# drop length question



## Mark G (Nov 15, 2004)

Tommy, I have heard you make the statement that a slight adjustment in drop length (pendulum casting) can help correct for casts that are going a bit left or right. 

Can you give a short explanation as to which way to go with the drop (shorter or longer)
dependng on whether you find the casts going left or right?

For ease of other readers assume a right handed caster. (I've learned to convert righty language to lefty for my own purposes.)

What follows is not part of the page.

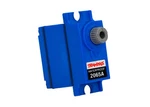 Traxxas 2065A Servo, Sub-micro, Waterproof. Fixed Price $29.95.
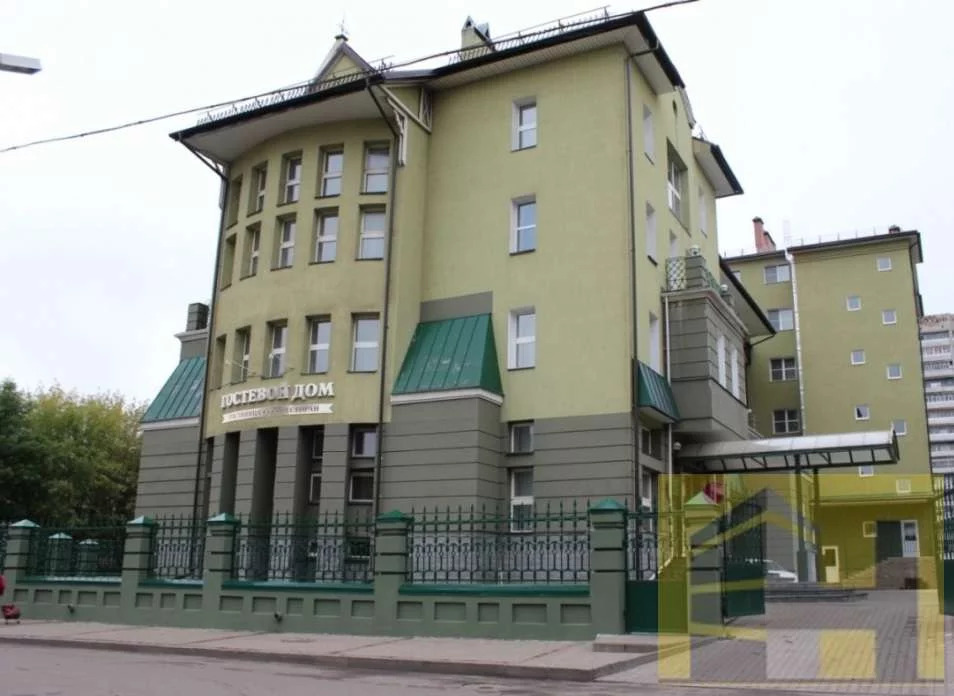 Дом В Рыбинске Готовый Купить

Oh and if I haven't said so elsewhere- Welcome to Pier and Surf. 

THanks, Mark


----------



## Tommy (Jan 24, 2001)

Mark,

If your cast is pretty consistant and with a given weight most casts are landing in the same area then an adjustment in drop length can be used to fine tune the direction of the cast. 

If the drop is shortened by 2-3 inches and all else remains the same then the cast should develop just a little faster and pull the lead left by a few degrees. If the drop is lengthened by a few inches then the opposite should take effect resulting in slower cast development and the sinker flying a few degrees right.

You can also use this technique when switching between leads. Using the 150 as baseline, add 2-4 inches of drop when casting the lighter leads (100-125) and subtract a couple when hitting the 175. 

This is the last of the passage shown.